▸ **Source data**
- - - - - - -
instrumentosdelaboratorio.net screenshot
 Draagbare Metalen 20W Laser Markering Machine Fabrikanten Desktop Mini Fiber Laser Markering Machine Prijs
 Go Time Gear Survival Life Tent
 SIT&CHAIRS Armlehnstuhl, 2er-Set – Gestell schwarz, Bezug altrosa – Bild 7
- - - - - - -
▸ **What you have to do**
In the answer, the listing above should be restated word for word.

▸ **Solution to this problem**
instrumentosdelaboratorio.net screenshot
 Draagbare Metalen 20W Laser Markering Machine Fabrikanten Desktop Mini Fiber Laser Markering Machine Prijs
 Go Time Gear Survival Life Tent
 SIT&CHAIRS Armlehnstuhl, 2er-Set – Gestell schwarz, Bezug altrosa – Bild 7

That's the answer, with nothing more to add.